On a recent sun-drenched morning, Nyla Shepard, a ninth grader at Eli Whitney Tech, approached a white Honda on the corner of Legion and Sherman Avenues, a bottle of lemonade in each hand. The driver shook her head, then redirected her eyes at the road.
“People are gonna do that,” she said, as the light turned green. “You just gotta get used to it.”
Nyla is among the 11 participants in the Gorilla Lemonade youth ambassadors program that started in early July. Its mission, according to Kristen Threatt, co-founder of Gorilla Lemonade, the local beverage supplier with the motto “community over competition”: “teaching our younger generation, through instruction and practical experience, that if you do the work, and do it right, you’ll get rewarded.”
The program, which currently has no tuition requirement, begins at 8:30 a.m. each weekday at its headquarters outside Threatt’s residence on Greenwood Street with stretching, calisthenics, and jogging, followed by prayer.
Then Threatt, who formerly ranked #7 in sales nationally at Frontier Communications, shares lessons on financial literacy, including setting financial goals, book-keeping, and investing; on how to make an effective sales pitch, on how to deal with and keep customers.
“I teach them to maximize their ability to reach people through sales with a smile and the fact that they’re kids,” Threatt said, smiling himself. “But it’s serious too, because we’re asking them to treat the product they’re selling like it’s their own franchise and that’s how they learn the hustle and grind of business.”
Then it’s sales time. The group packs the coolers with bottles — they get bags of ice from a nearby bodega — and wheels them to the intersection of Legion and Sherman. “The first case was given to them at the beginning, those 24 bottles are their start-up capital, and every case after that they invest in themselves to make a profit,” Threatt said.
Each bottle costs $3. Customers can get two for $5.
“Everyone loves the two-for-$5 deal,” said Michael “M.J.” Smith, a fifth grader at Ross-Woodward School, counting the bills from a sale as cars trundled past along Sherman Avenue. He, like all the ambassadors, records each day’s profits and expenses in a notebook. “Kris says we’ll love math, now that we can apply it in the real world,” he said.
“Kris has taught me to be more disciplined with my time, and to think with my head and not with my emotions, and not let the no’s get to me,” said Tradiq Scurry, a sophomore at Hillhouse, relaxing on the steps of Threatt’s house as he finished his lunch — it’s provided by the Eat Up Foundation—beside the empty coolers. “He’s putting us all on the right path.”

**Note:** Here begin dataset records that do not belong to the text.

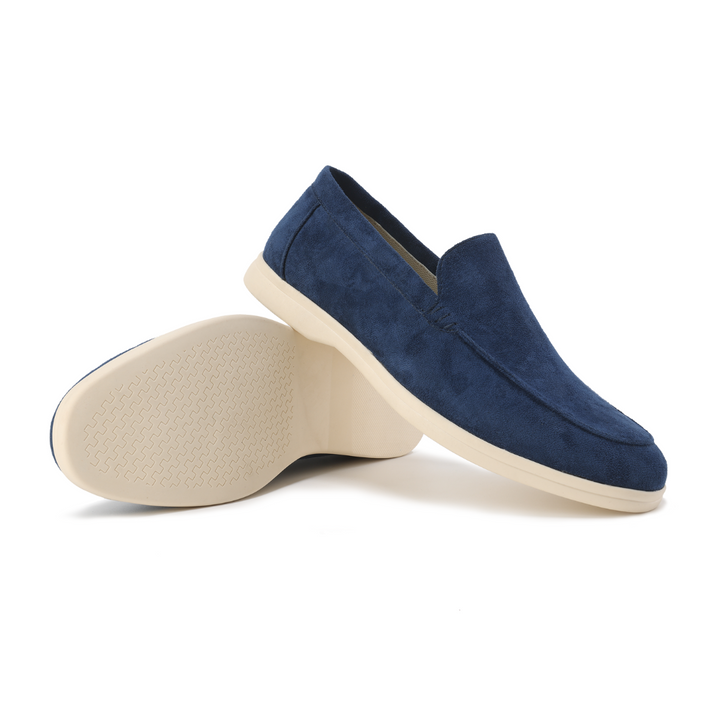 William | Men's Elegant Suede Shoes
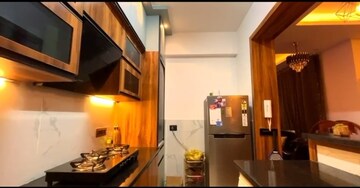 Kitchen in 2 BHK Apartment at Vipul Lavanya, Sector 81 – for Sale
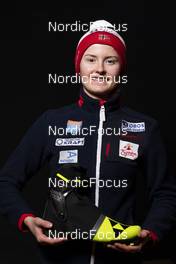 29.11.2022, Lillehammer, Norway (NOR): Gyda Westvold Hansen (NOR) - FIS world cup nordic combined, photoshooting, Lillehammer (NOR). www.nordicfocus.com. © Thibaut/NordicFocus. Every downloaded picture is fee-liable.
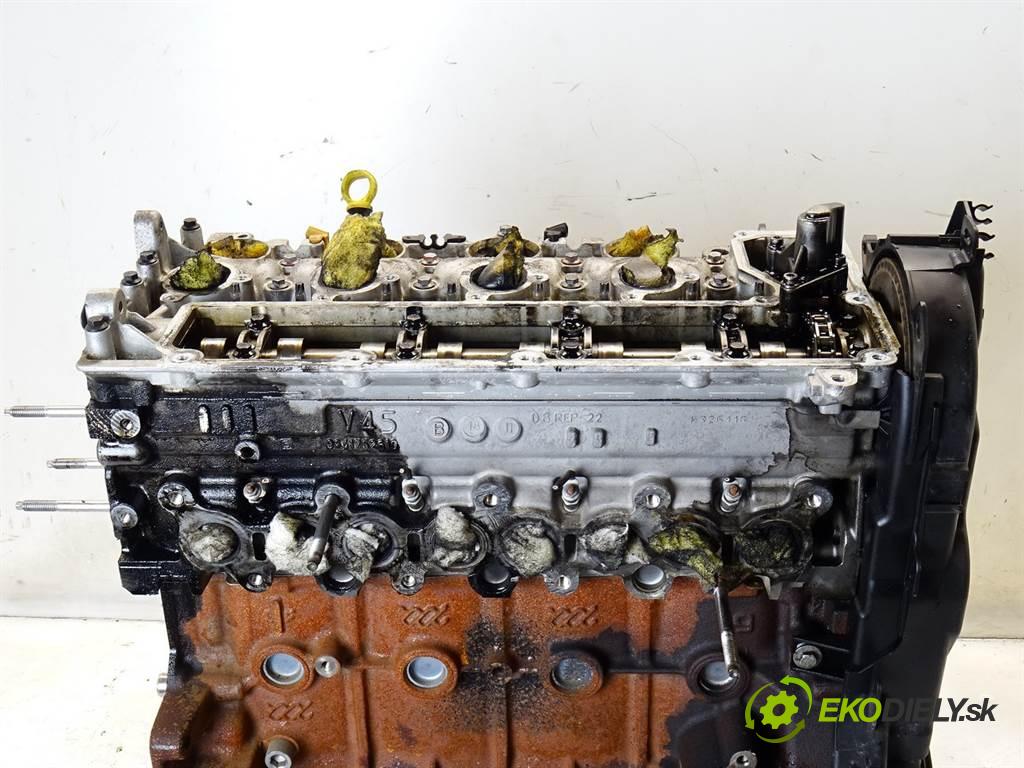 Ford S-MAX  2009 103 kW 2.0TDCi 140KM 06-15 2000 motor QXWA (Motory (kompletní))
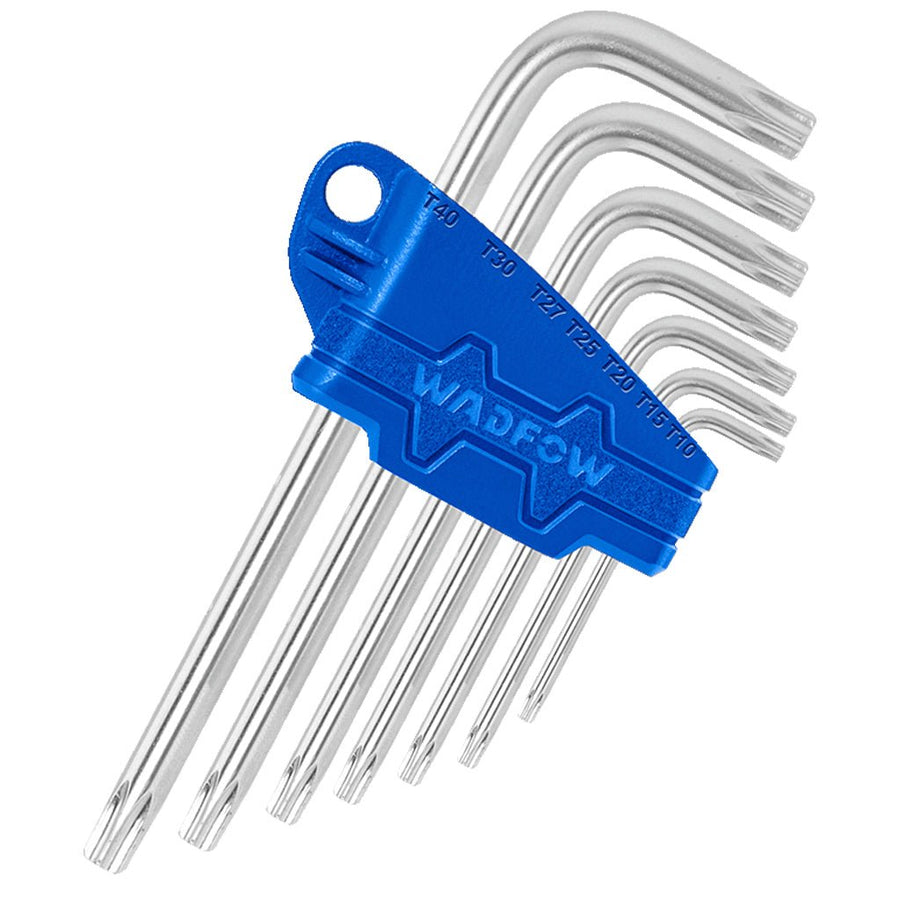 Jeu 7 cle torx courte WADFOW WHK3671 - SME IMPORT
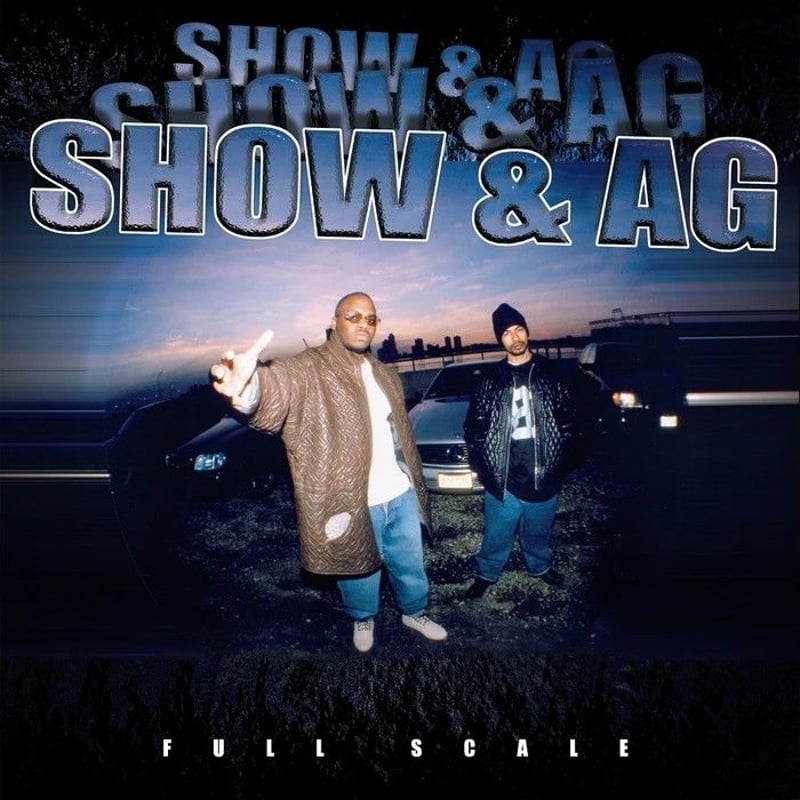 D.I.T.C. 10枚セット Lord Finesse Showbiz A.G SHOWBIZ & A.G. / FULL SCALE [2LP] | Banguard On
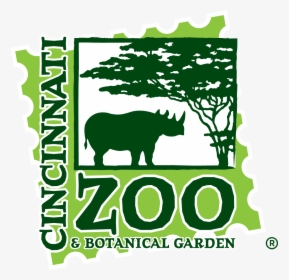 Cincinnati Zoo Logo, HD Png Download, Transparent PNG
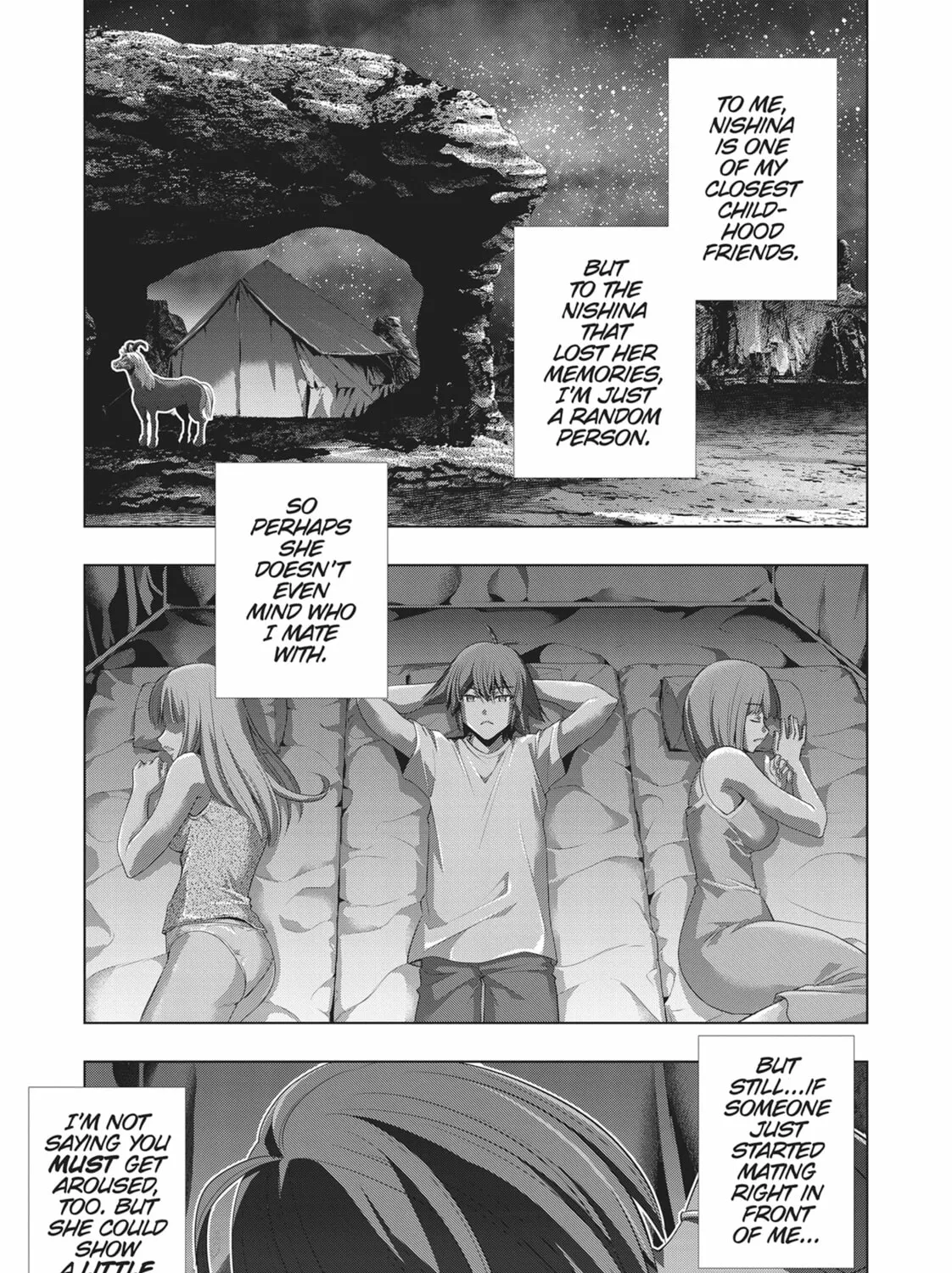 Read Parallel Paradise chapter 121 image 24 on Lezhin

“Tradiq showed up one day and asked, ‘Can I be on the team?’” Threatt recalled, as some of the kids tossed a football under the Greenwood oaks, among the after-lunch activities. “I told him, ‘as long as you show leadership.’ Right away I could tell he was a leader.”
Each ambassador, he said, has a gift. M.J., for example, “has that hustle and Tae [Cunningham], he’s good at anything he puts his mind to,” he said. The idea “is to give each young person permission to be themselves, to be their best selves.”
Just then, Gorilla Lemonade co-founder Brian Burkett-Thompson stopped by on his way to work. “Having access to people who can show the hard work it takes to be successful makes a huge difference in someone’s life, especially when there’s not a lot of role models,” he said. “Plus there’s nothing like the feeling you get, that self-esteem, with having a job and earning money.”
“Right?” he asked Shepard, who had just thrown a perfect spiral to Cunningham.
She nodded, a grin lighting her face.